- **What needs to be done**
Starting from the line with "Divino visita moradora em Aparecida" and going up to and including the line with "2771 Gady Pines Drive Property Photo 2", copy the listing below exactly. Leave all images out.

- **Available data**
- - - - -

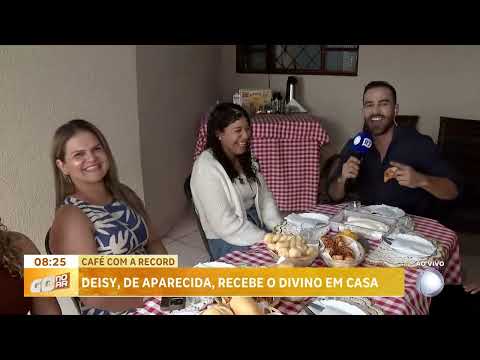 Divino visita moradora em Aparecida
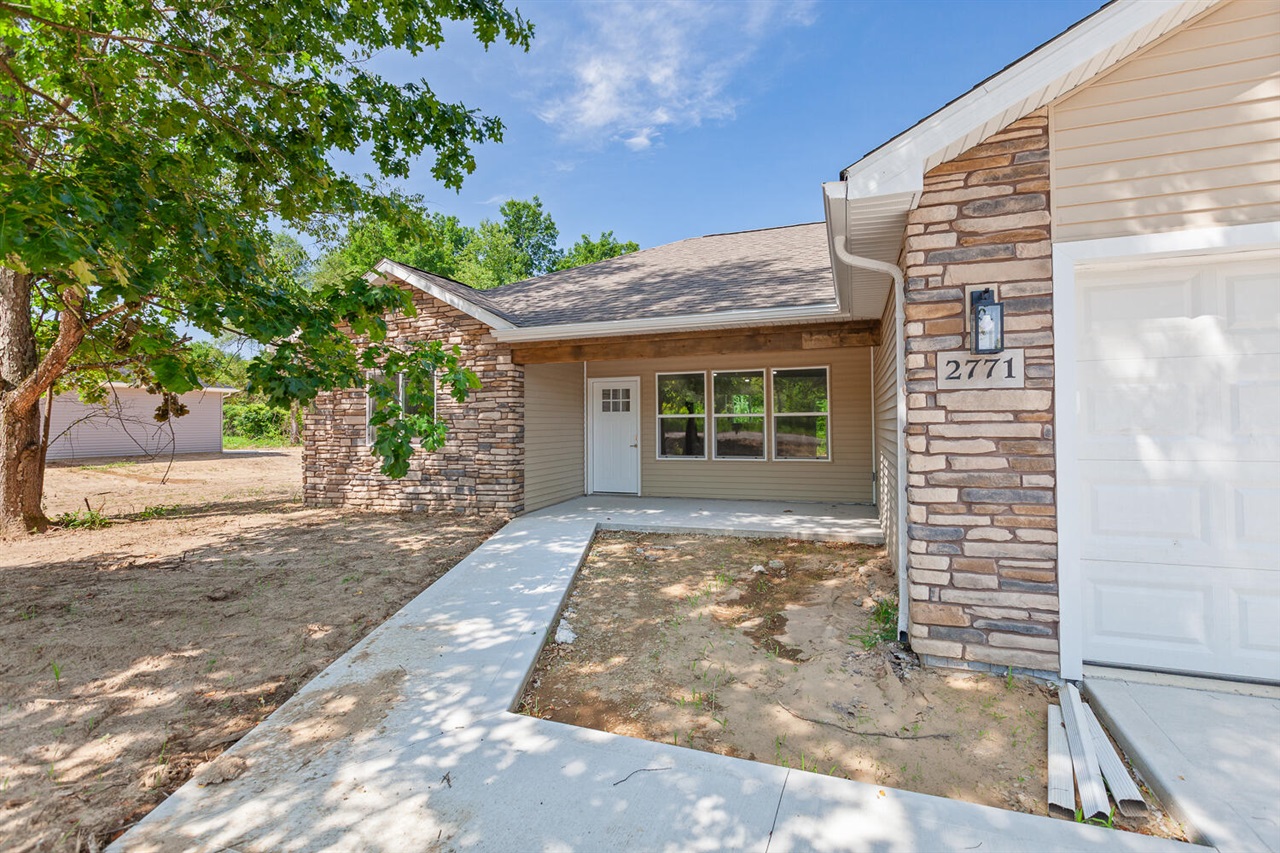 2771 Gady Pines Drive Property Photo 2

- - - - -

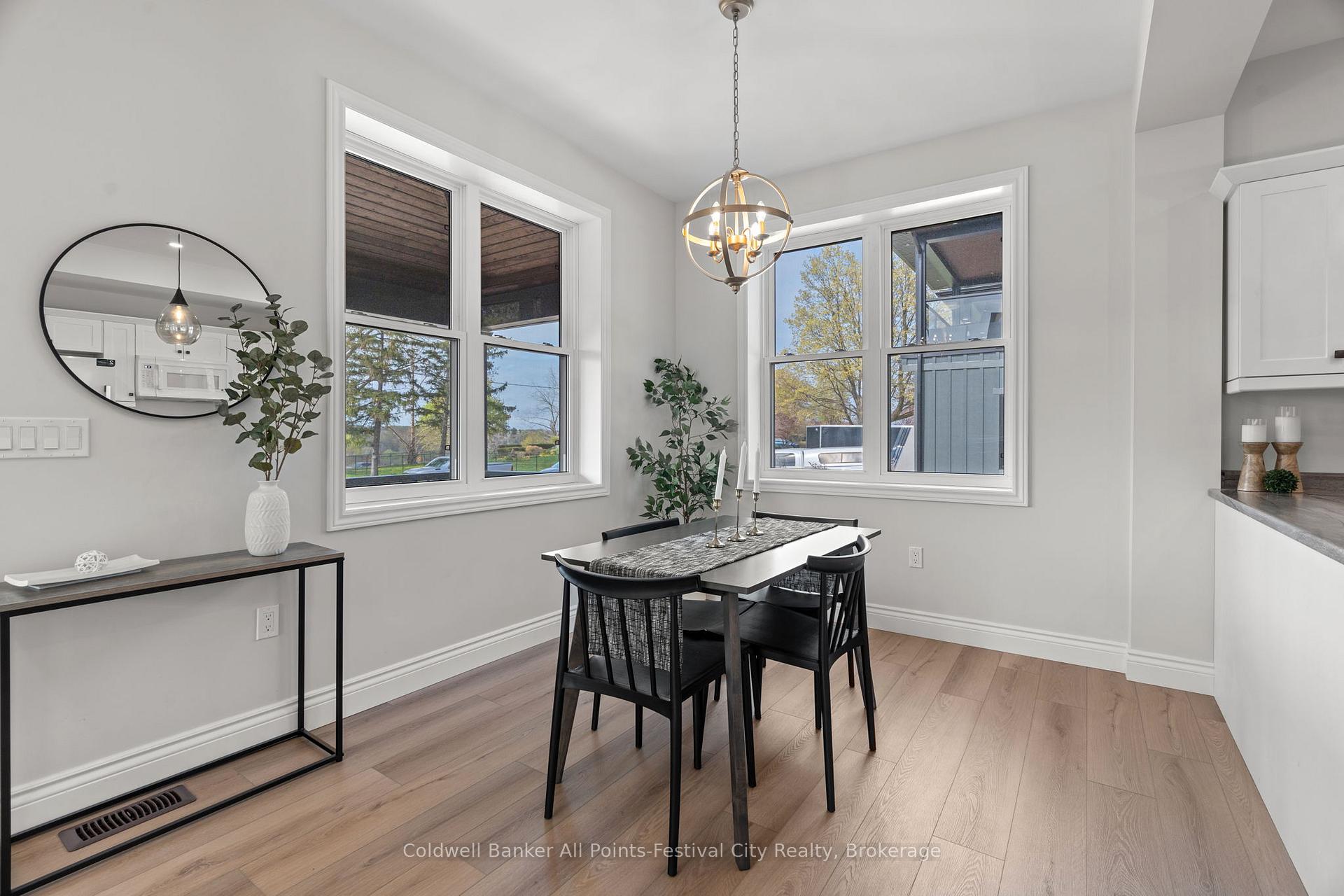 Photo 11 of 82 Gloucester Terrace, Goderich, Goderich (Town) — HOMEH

- - - - -

- **Solution to this task**
 Divino visita moradora em Aparecida
 2771 Gady Pines Drive Property Photo 2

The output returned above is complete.